Given material:
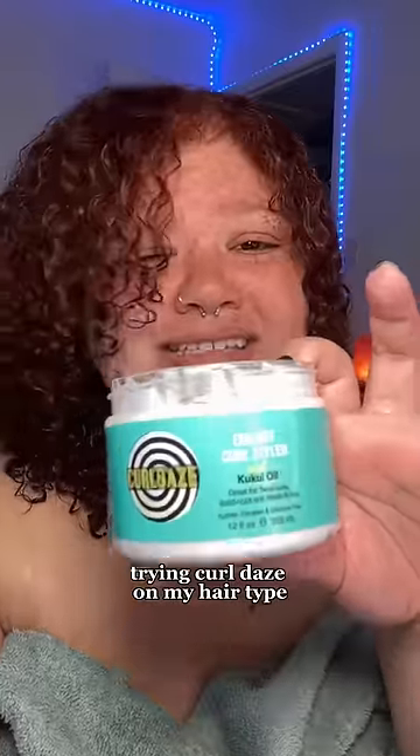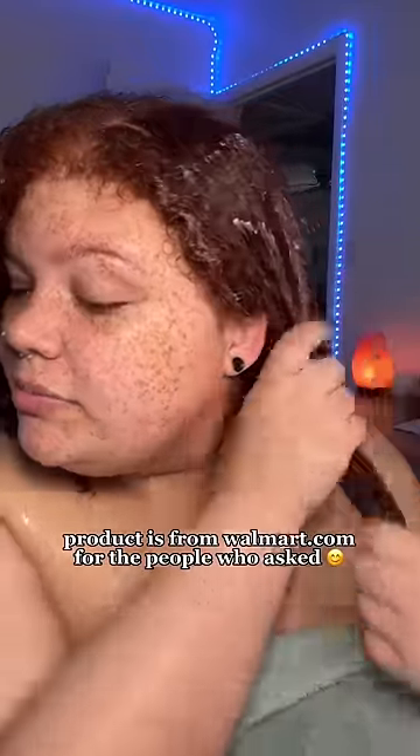I really hope this works because this product smells so good. I tried it on my husband's hair and a lot of people wanted me to try it on my curl type, so let's go. My hair is freshly washed and nothing else was put in it. I applied product on this side and I'm going to leave this side completely dry so we can see the difference.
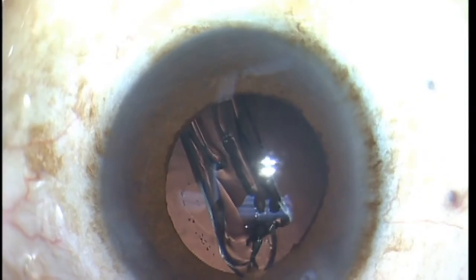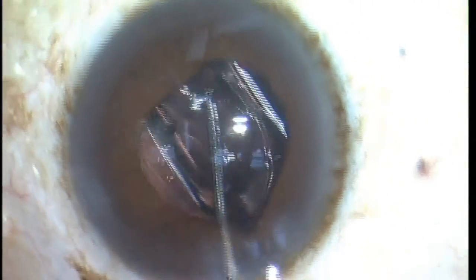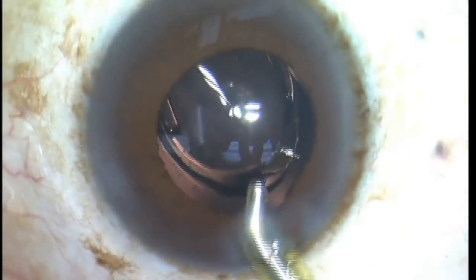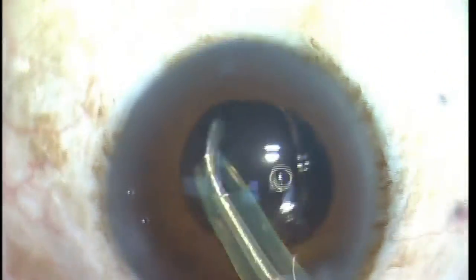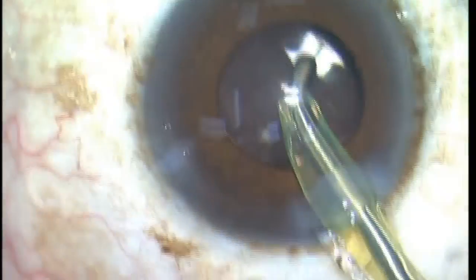Right there you saw me very cautiously removing the IA tip out because I didn't want that iris to prolapse through the main incision again. I used OVD to temporarily dilate the pupil so I could see to put the implant in, but look how much smaller the pupil is now. And as soon as I start IA and remove the OVD, the pupil is going to come down even more. Fortunately, I was able to visualize and get both haptics in the bag, and the surgery went uneventfully.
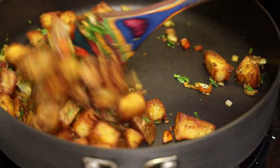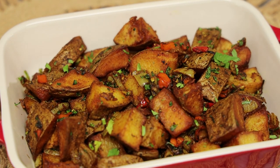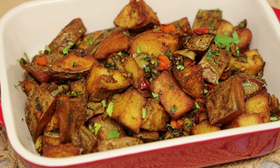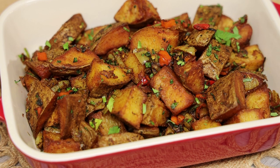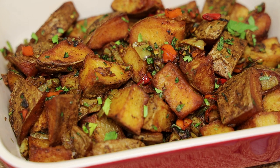I can't wait for you all to try this recipe. Comment down below and let me know what you think about the recipe if you make it. Thank you guys so much for watching — I'll see you in my next video. Bye everyone!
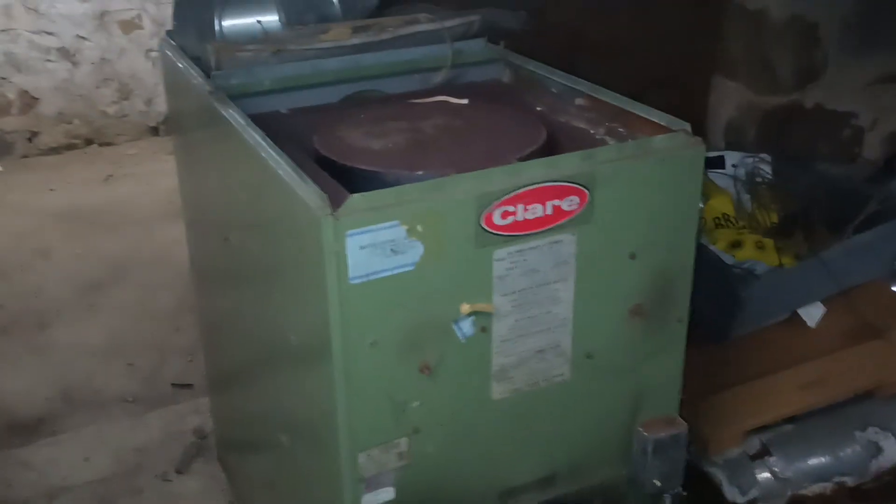MC back here again with a finally wrapped up scary basement video series. So we took out this old fuel oil furnace, got a pile of garbage to get tossed, recycled, or otherwise disposed of.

Your instructions: Every line from the one with "I can't wait" through the last line of the listing above must be written out exactly, and no picture may appear.

Exercise result:
I can't wait for you all to try this recipe. Comment down below and let me know what you think about the recipe if you make it. Thank you guys so much for watching — I'll see you in my next video. Bye everyone!
MC back here again with a finally wrapped up scary basement video series. So we took out this old fuel oil furnace, got a pile of garbage to get tossed, recycled, or otherwise disposed of.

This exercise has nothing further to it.